If you were on vacation,
similar to me, during the end of December you might have missed Twitter's big announcement. The company acquired Mixer
Labs, the creator of GeoAPI, which provides developers with the ability to query data. That data can come from about 16 million businesses and thousands of points of interest. The technology also
offers developers a layer on which to handle complex geographical queries and location-based services.

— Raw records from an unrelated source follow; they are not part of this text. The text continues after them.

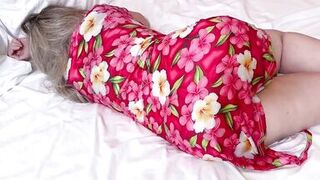 Stepmom Balakabolik's tight MILF pussy drilled deep and hard in homemade anal video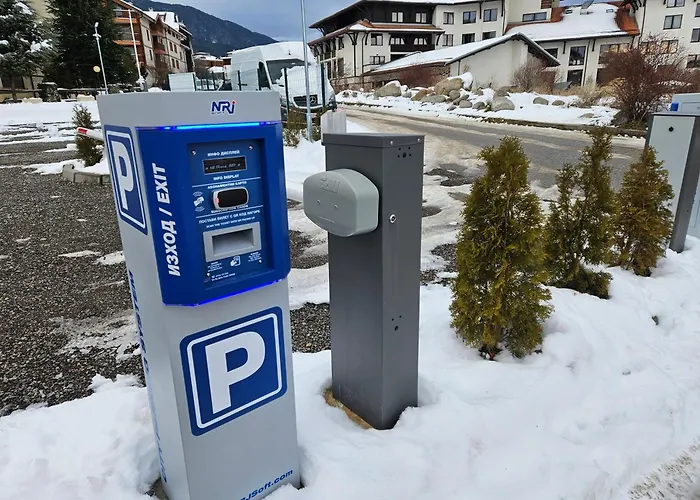 стаята на ив * Бансько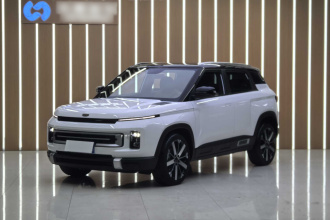 吉利汽车 吉利icon 2023款 1.5TD 巧克力醇巧版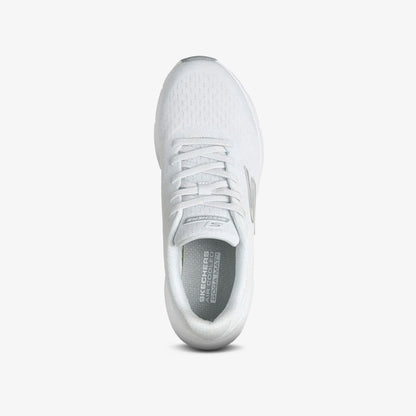 Tenis Skechers Glide Step Vortex Mujer Blanco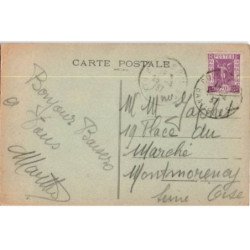 BROLLES: rue de l'ermitage - très bon état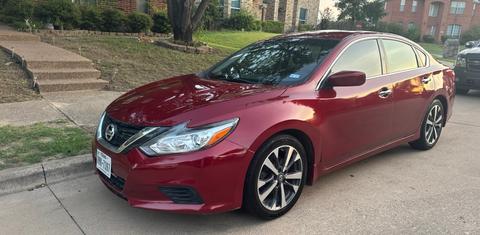 Nissan Altima 2017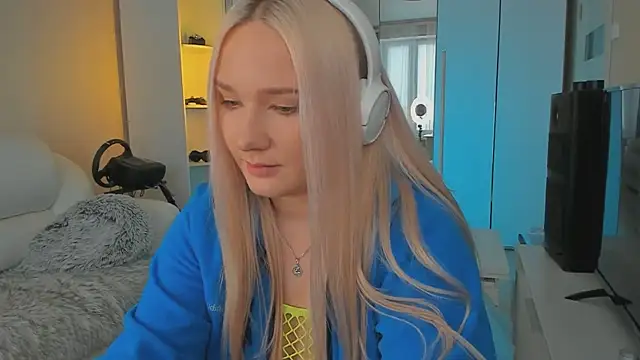 1AlexaGoddess3 online show from 01.27.25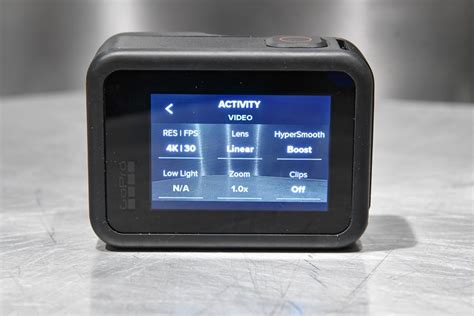 Using a GoPro 8 的图像结果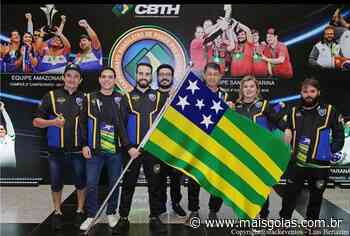 Equipe goiana celebra quarta colocação no Campeonato Brasileiro de Poker - Mais Goiás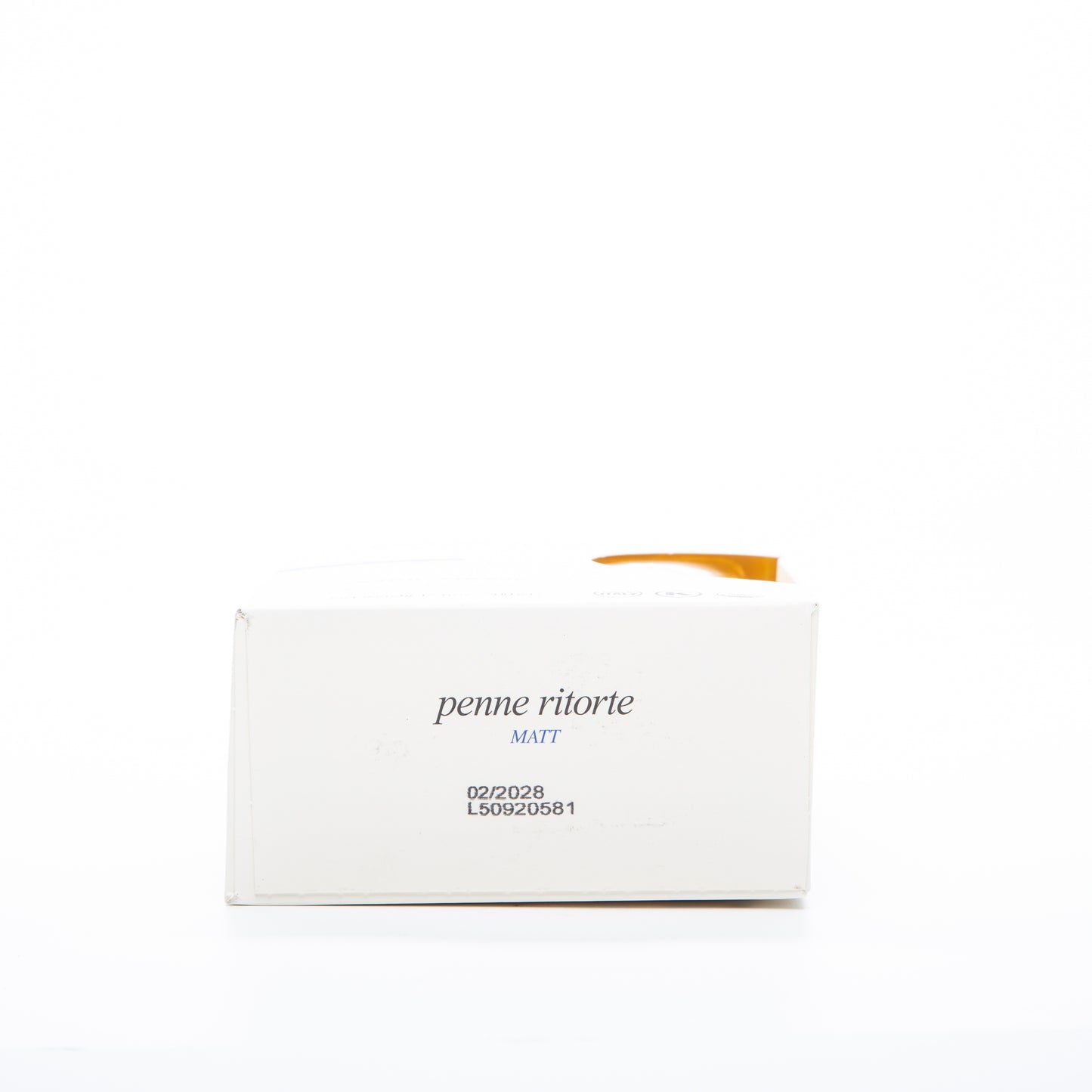 Monograno Pasta Penne Ritorte 500g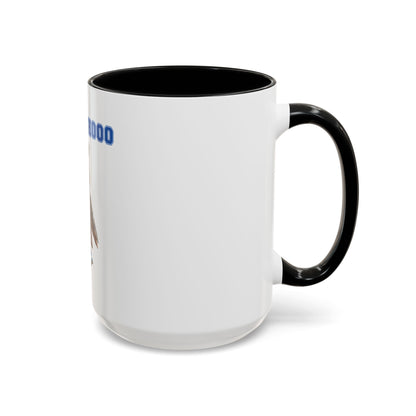 LUKA WHOOO Basketball Mug
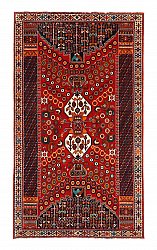 Perzsa Hamedan szőnyeg 290 x 167 cm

GeoAPI will integrate directly into the Twitter API, which plays into Twitter's
plans, reported in mid-2009, to integrate geo-based location into its service. If you passed over the news, think again. It could shake up the Yellow Page industry, according to Andrew Shothand, owner
of Local SEO Guide, a SEO in Pleasanton, Calif. who focuses on local search. It's a big deal because most business data from online listings come from limited resources, he says.
This
acquisition creates an "open Yellow Pages," he tells me, explaining it lets startups create an application that gives them instant access to business data. The distributed nature of Twitter
starts to apply to the structured world of online Yellow Pages. We agree it provides an interesting tool for companies that want to set up a mobile, location-based app, too.
Shotland tells
me the integration will create a dramatic shift in the way people search for local information. Twitter could become the clearinghouse for business data simply by having the ability to process, update
and distribute the information in a way that anyone can use it. If that happens, you suddenly have an explosion of relevant, local information that any business can take and integrate on a Web site.
And if that data matches up with tweets, it makes it all the better.
This type of toolset could even threaten the existence of traditional online Yellow Pages, Shotland suggests. Normally,
a business must license the data, unless it's available free online. The companies that support business information might argue they monitor and verify the data to make sure it's accurate.
If Twitter became the source of "truth" for business records, it would become "hugely disruptive to the local search industry," Shotland says. The emergence of an open
source yellow pages for local business is one of the 11 predictions on his blog for 2010.